▸ Assignment: Only the lines from the one containing "Mitsubishi Outlander 2.4" through the end of the entries should be returned, exactly as they are, with the pictures omitted.

▸ Excerpted data:
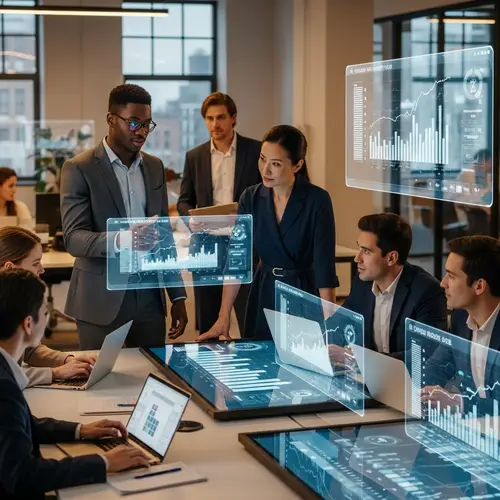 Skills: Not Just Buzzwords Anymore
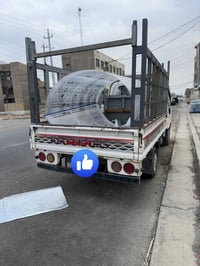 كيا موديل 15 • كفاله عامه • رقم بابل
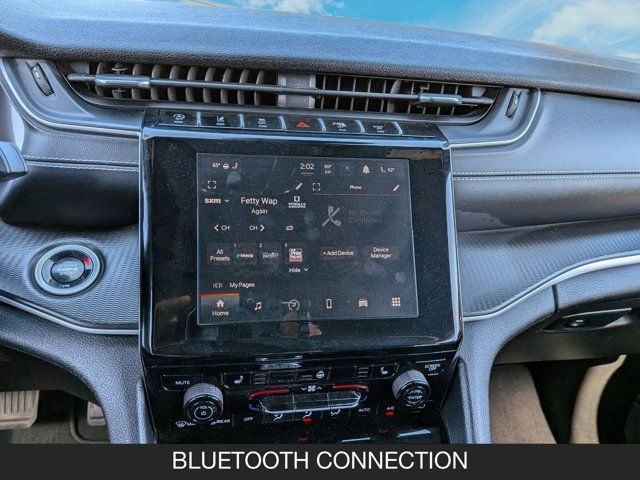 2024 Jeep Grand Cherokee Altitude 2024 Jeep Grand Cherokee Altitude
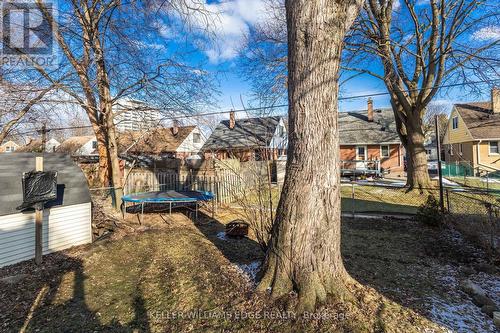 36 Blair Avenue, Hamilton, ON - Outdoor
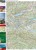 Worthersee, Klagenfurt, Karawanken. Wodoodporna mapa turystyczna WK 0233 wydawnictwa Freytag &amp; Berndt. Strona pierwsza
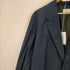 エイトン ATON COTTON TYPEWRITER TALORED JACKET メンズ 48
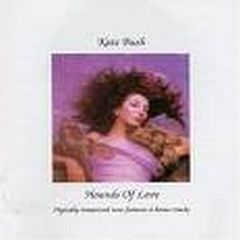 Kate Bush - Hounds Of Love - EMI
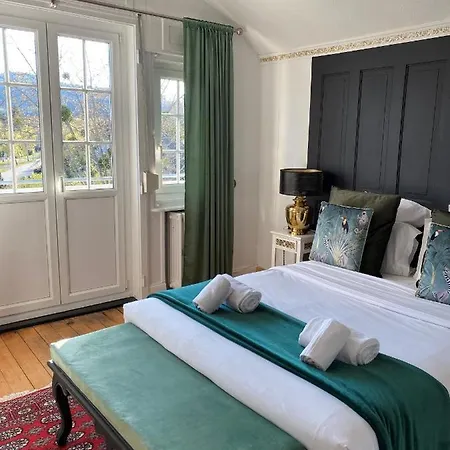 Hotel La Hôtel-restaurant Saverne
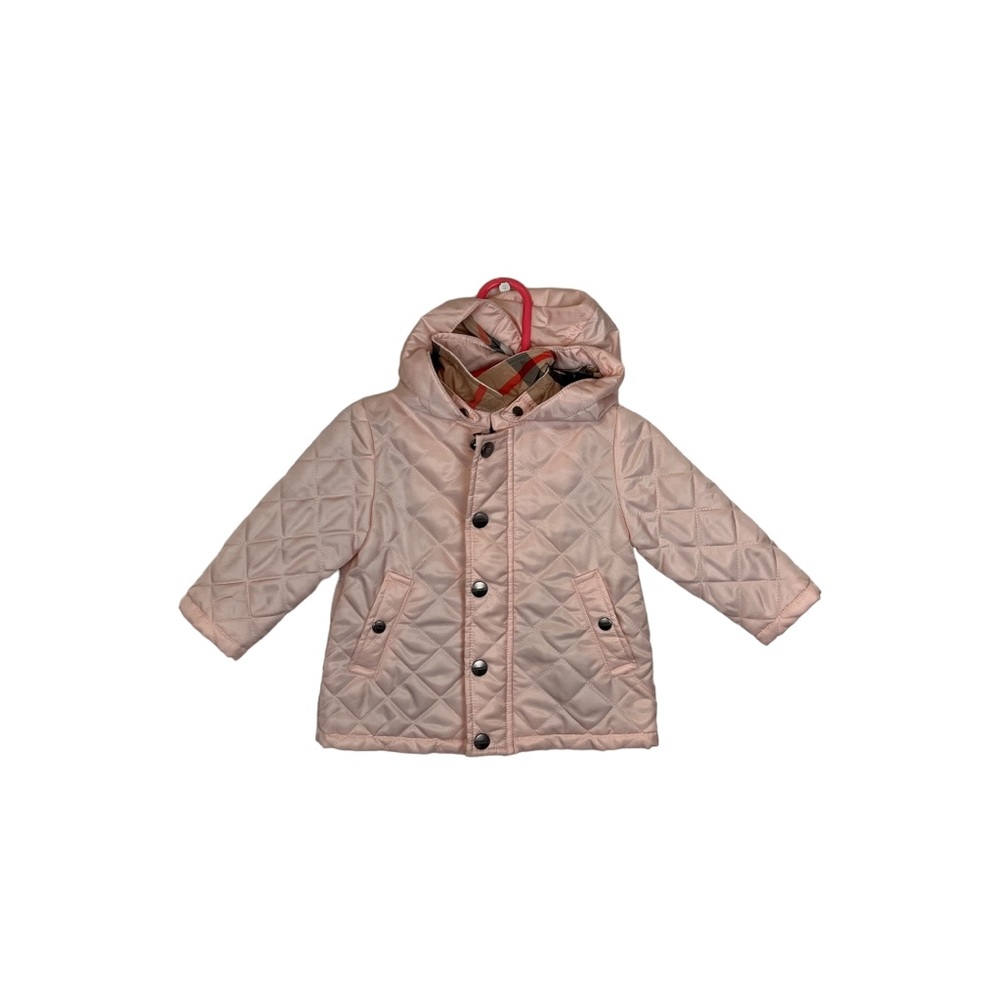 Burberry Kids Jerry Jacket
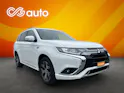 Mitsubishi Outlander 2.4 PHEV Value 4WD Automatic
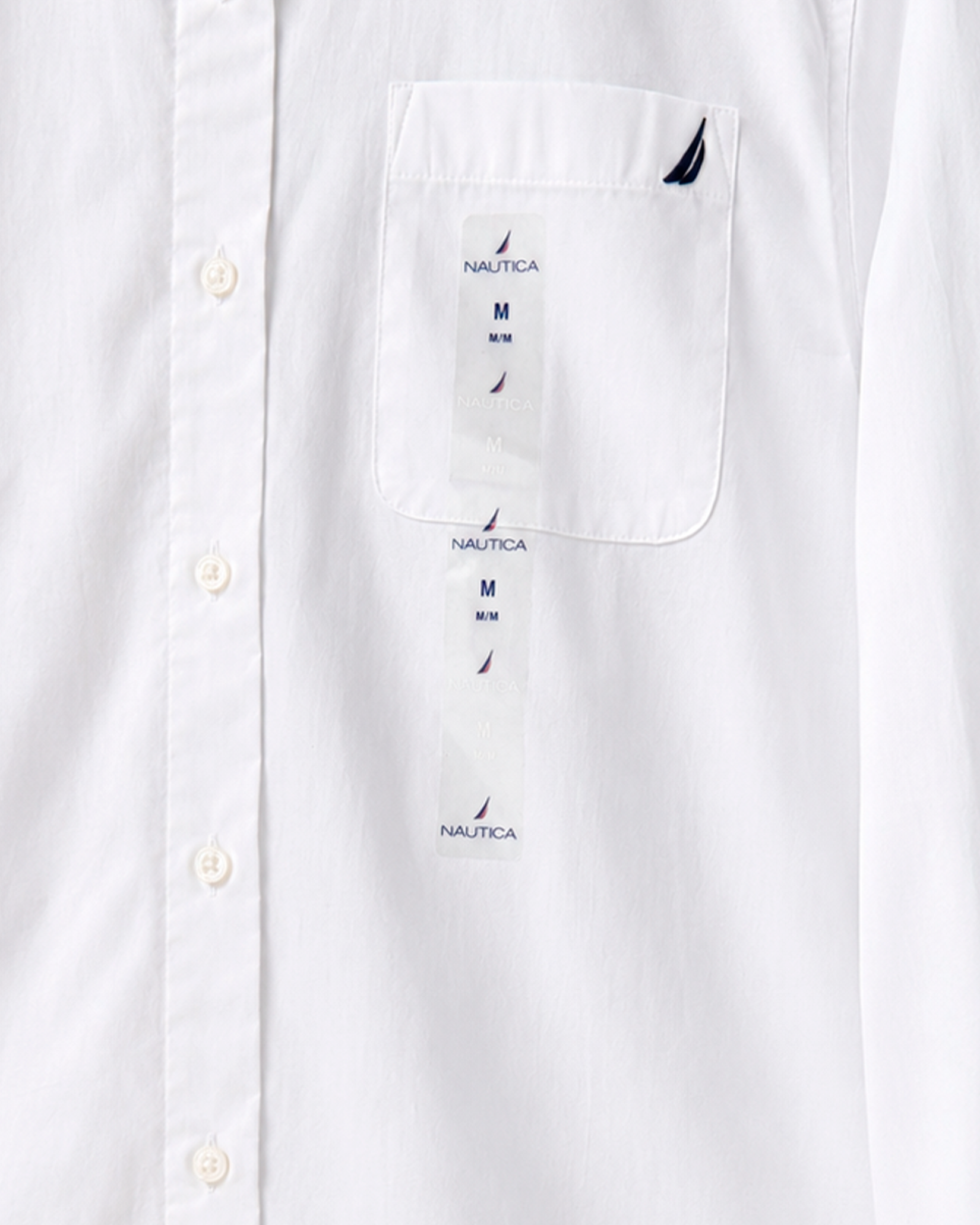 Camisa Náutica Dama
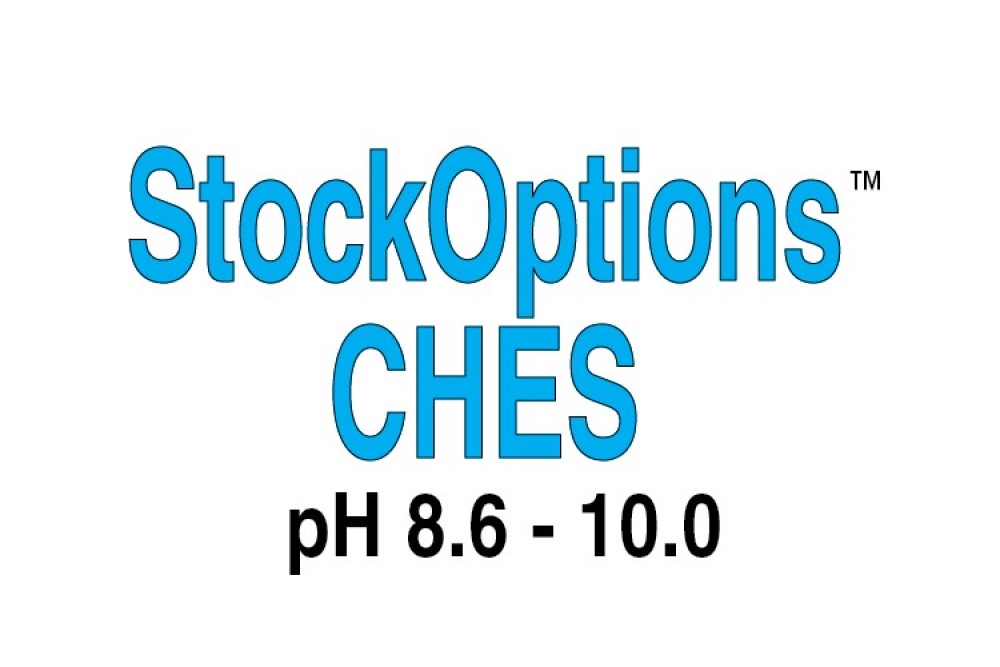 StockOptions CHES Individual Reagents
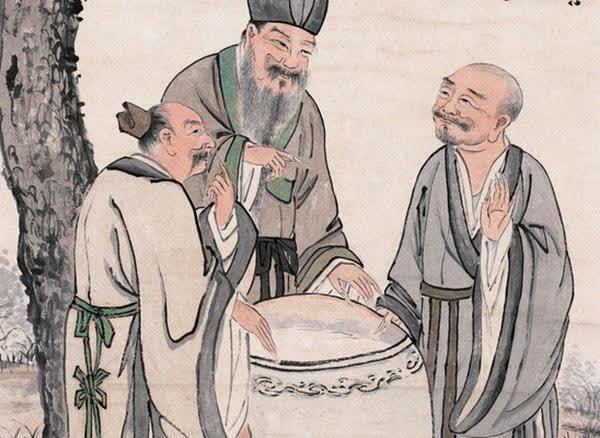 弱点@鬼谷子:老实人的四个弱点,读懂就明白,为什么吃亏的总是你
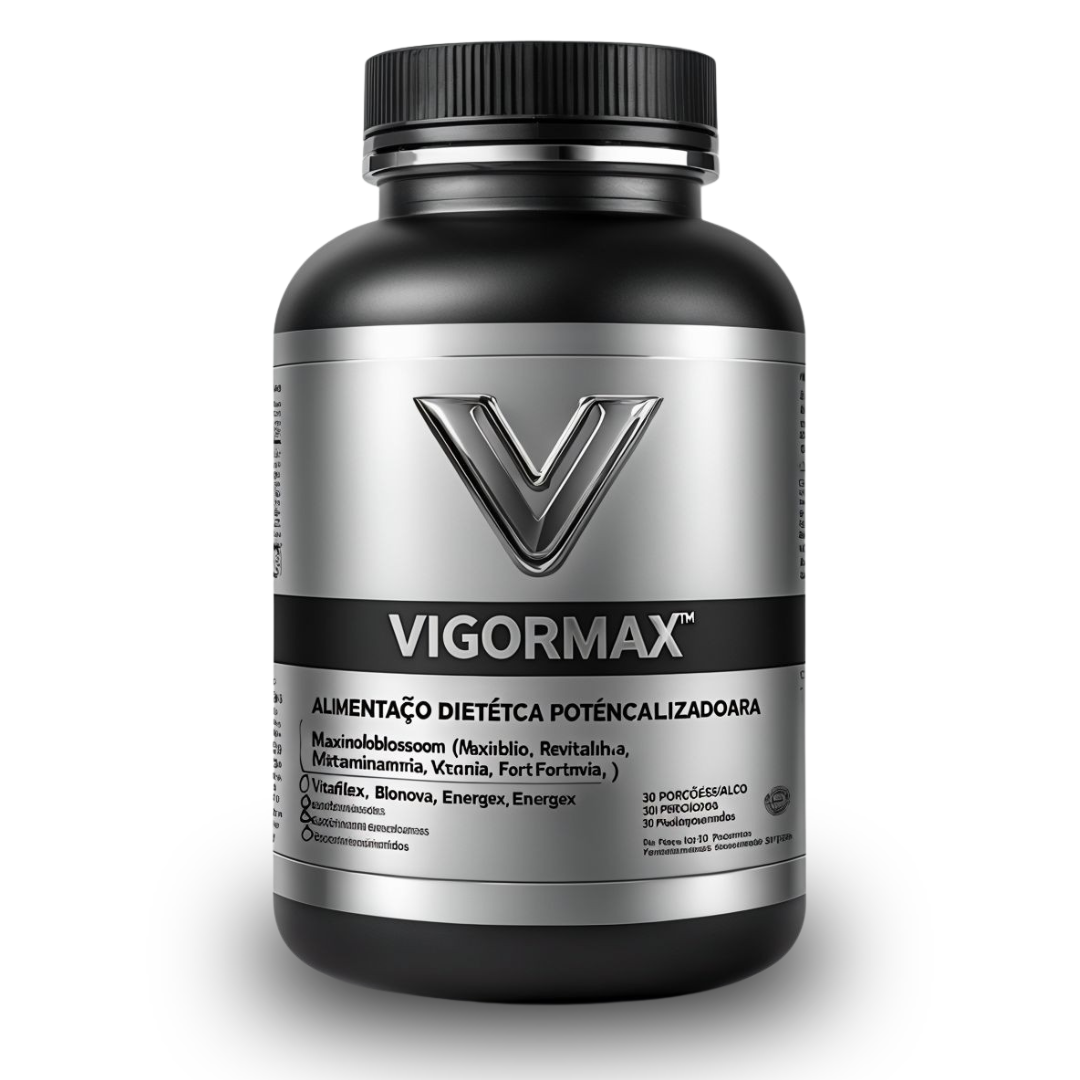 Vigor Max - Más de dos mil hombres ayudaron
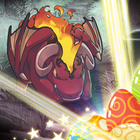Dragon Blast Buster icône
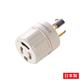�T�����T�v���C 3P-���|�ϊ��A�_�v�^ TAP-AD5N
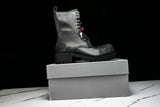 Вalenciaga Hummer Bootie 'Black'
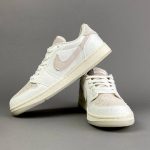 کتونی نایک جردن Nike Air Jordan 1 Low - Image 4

▸ Solved problem:
 Mitsubishi Outlander 2.4 PHEV Value 4WD Automatic
 Camisa Náutica Dama
 StockOptions CHES Individual Reagents
 弱点@鬼谷子:老实人的四个弱点,读懂就明白,为什么吃亏的总是你
 Vigor Max - Más de dos mil hombres ayudaron
Dragon Blast Buster icône
�T�����T�v���C 3P-���|�ϊ��A�_�v�^ TAP-AD5N
 Вalenciaga Hummer Bootie 'Black'
 کتونی نایک جردن Nike Air Jordan 1 Low - Image 4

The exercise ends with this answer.